Your objective: Once the line with "Felicitatiekaart 40 jaar" is found in the entries below, repeat it and each following line exactly, up to and including the line with "TEX: $a=-(x_1+x_2+x_3), b=x_1x_2+x_2x_3+x_3x_1, c=-x_1x_2x_3$". Add no other lines.

Task material:
----------------------------------------
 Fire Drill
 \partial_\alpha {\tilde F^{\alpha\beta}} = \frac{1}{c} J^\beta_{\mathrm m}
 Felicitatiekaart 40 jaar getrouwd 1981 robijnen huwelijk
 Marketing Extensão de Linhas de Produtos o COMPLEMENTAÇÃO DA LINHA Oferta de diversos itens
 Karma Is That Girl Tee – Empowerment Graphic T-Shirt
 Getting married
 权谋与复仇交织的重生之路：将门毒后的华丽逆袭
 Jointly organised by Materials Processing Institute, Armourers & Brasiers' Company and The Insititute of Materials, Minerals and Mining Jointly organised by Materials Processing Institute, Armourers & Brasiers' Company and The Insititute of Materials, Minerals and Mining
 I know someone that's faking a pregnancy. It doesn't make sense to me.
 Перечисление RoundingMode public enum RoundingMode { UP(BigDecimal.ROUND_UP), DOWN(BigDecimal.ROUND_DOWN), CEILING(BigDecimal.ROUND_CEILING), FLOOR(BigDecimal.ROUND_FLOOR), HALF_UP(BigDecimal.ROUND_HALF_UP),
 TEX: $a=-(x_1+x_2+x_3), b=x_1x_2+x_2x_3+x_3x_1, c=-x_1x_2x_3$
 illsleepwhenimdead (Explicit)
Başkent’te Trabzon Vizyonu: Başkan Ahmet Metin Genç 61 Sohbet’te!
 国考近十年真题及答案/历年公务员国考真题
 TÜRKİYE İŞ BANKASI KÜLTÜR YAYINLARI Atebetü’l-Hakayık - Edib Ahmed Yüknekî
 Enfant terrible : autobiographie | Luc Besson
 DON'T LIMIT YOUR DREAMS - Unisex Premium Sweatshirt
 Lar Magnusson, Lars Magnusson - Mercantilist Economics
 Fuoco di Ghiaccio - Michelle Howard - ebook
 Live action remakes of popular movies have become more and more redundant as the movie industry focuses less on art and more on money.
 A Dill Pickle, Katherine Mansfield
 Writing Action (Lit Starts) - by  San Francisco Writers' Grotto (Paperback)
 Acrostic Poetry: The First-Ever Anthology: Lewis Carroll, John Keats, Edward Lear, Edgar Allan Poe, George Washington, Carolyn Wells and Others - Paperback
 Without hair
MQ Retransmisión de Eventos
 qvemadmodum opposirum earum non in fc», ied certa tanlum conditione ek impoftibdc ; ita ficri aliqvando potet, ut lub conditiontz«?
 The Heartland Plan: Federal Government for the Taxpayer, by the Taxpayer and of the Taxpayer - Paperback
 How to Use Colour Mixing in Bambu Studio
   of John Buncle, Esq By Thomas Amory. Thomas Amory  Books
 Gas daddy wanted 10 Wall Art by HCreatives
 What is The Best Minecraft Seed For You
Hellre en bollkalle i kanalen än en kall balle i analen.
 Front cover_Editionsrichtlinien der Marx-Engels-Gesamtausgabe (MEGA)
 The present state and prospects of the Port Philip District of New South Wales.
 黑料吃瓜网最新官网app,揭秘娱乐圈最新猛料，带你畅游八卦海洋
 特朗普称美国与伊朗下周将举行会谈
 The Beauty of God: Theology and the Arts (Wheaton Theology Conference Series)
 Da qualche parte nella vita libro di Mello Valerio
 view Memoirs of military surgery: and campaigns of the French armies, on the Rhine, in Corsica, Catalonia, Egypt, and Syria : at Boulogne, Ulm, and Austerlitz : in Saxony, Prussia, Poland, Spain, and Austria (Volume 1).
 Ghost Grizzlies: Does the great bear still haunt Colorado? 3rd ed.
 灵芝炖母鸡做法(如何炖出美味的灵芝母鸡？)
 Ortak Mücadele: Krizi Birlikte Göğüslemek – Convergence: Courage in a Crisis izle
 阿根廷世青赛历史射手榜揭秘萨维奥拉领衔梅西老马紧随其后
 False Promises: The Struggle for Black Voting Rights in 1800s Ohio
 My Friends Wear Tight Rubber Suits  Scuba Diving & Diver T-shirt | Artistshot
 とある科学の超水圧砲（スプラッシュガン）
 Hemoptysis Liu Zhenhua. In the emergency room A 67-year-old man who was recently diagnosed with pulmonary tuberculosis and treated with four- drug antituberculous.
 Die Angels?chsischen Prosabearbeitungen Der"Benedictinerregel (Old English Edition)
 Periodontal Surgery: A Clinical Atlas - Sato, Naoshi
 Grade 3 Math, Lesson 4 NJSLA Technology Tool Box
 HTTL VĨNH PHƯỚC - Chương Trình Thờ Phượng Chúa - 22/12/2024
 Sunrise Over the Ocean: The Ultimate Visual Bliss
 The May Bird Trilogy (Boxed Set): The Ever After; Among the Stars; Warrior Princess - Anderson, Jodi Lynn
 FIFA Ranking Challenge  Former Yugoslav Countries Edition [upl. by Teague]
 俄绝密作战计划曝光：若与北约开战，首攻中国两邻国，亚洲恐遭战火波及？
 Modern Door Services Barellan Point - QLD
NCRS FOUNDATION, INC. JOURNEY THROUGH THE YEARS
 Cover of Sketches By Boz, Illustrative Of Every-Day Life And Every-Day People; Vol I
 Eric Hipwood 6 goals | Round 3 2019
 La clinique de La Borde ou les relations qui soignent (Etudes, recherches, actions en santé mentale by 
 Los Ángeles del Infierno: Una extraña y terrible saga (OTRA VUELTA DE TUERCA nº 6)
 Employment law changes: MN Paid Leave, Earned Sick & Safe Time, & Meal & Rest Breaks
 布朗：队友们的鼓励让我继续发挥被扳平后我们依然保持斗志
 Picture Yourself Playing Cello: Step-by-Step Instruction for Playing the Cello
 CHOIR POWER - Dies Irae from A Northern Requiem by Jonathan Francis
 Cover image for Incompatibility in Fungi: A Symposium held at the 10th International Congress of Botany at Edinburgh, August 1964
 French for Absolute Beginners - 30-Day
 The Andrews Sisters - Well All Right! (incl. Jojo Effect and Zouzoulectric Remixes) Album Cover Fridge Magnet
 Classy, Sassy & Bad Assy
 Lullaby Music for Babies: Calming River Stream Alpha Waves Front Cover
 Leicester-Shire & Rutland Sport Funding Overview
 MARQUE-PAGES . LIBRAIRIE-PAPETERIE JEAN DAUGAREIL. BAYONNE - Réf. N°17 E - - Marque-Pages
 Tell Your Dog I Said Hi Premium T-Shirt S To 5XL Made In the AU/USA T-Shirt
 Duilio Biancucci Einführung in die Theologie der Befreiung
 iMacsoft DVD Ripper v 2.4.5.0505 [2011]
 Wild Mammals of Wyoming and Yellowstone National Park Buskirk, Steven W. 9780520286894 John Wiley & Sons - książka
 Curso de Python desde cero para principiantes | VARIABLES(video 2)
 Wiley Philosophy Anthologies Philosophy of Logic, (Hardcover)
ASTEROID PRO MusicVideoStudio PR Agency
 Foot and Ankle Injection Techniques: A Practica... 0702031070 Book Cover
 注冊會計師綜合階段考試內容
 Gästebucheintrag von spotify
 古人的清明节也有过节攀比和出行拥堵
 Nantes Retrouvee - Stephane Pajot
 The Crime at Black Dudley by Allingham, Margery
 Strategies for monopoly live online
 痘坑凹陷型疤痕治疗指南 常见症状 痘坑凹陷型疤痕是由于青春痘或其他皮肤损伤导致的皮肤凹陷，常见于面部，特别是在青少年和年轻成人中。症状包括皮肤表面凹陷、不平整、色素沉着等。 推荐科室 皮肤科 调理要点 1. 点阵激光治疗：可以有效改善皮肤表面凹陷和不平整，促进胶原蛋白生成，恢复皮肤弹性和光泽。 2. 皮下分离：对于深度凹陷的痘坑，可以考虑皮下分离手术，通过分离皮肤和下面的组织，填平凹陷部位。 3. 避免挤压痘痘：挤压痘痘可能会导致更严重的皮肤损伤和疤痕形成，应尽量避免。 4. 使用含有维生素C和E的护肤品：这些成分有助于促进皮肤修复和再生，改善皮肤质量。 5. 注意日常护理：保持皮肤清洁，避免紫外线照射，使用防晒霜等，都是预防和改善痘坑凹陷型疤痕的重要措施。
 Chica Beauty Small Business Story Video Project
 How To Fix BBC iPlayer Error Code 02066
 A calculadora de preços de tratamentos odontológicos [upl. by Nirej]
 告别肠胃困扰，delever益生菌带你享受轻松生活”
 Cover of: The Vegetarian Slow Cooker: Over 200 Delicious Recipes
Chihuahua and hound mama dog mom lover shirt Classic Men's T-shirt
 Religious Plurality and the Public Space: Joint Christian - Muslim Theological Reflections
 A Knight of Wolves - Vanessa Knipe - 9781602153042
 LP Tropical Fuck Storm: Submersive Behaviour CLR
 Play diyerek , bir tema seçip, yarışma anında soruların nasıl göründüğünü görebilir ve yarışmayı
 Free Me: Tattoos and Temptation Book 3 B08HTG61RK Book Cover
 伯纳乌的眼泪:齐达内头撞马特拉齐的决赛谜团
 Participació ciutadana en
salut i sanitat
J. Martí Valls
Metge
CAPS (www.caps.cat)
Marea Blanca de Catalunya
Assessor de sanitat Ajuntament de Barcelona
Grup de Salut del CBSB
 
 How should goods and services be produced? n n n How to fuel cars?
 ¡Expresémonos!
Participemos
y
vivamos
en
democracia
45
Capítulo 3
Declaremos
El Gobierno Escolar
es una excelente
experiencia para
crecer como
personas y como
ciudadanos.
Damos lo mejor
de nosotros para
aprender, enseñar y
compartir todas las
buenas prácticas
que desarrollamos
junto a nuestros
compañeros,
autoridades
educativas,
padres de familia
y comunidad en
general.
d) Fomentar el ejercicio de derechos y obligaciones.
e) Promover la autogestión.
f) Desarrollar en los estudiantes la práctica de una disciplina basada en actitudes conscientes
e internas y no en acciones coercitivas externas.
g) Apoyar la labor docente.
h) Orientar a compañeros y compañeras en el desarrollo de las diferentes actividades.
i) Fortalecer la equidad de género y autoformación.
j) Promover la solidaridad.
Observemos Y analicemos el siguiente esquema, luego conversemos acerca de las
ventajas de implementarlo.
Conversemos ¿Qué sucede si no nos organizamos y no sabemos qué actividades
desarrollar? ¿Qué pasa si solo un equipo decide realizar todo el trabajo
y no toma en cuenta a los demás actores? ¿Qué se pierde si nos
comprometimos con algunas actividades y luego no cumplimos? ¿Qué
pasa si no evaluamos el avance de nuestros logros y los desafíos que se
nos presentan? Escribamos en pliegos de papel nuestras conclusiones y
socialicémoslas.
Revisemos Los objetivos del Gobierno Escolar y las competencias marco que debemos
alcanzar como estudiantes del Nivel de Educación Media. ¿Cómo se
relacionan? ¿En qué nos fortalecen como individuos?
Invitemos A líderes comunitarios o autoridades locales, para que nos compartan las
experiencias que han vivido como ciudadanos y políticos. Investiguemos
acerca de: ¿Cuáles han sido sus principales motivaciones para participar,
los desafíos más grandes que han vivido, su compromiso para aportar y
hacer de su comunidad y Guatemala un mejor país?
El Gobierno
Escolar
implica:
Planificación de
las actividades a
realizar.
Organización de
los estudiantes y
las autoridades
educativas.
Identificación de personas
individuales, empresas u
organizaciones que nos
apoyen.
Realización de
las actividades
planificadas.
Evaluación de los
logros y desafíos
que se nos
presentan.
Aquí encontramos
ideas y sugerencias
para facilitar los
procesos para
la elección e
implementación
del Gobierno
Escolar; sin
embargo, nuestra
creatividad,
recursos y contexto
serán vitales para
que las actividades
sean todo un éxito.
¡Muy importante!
----------------------------------------
Expected answer:
 Felicitatiekaart 40 jaar getrouwd 1981 robijnen huwelijk
 Marketing Extensão de Linhas de Produtos o COMPLEMENTAÇÃO DA LINHA Oferta de diversos itens
 Karma Is That Girl Tee – Empowerment Graphic T-Shirt
 Getting married
 权谋与复仇交织的重生之路：将门毒后的华丽逆袭
 Jointly organised by Materials Processing Institute, Armourers & Brasiers' Company and The Insititute of Materials, Minerals and Mining Jointly organised by Materials Processing Institute, Armourers & Brasiers' Company and The Insititute of Materials, Minerals and Mining
 I know someone that's faking a pregnancy. It doesn't make sense to me.
 Перечисление RoundingMode public enum RoundingMode { UP(BigDecimal.ROUND_UP), DOWN(BigDecimal.ROUND_DOWN), CEILING(BigDecimal.ROUND_CEILING), FLOOR(BigDecimal.ROUND_FLOOR), HALF_UP(BigDecimal.ROUND_HALF_UP),
 TEX: $a=-(x_1+x_2+x_3), b=x_1x_2+x_2x_3+x_3x_1, c=-x_1x_2x_3$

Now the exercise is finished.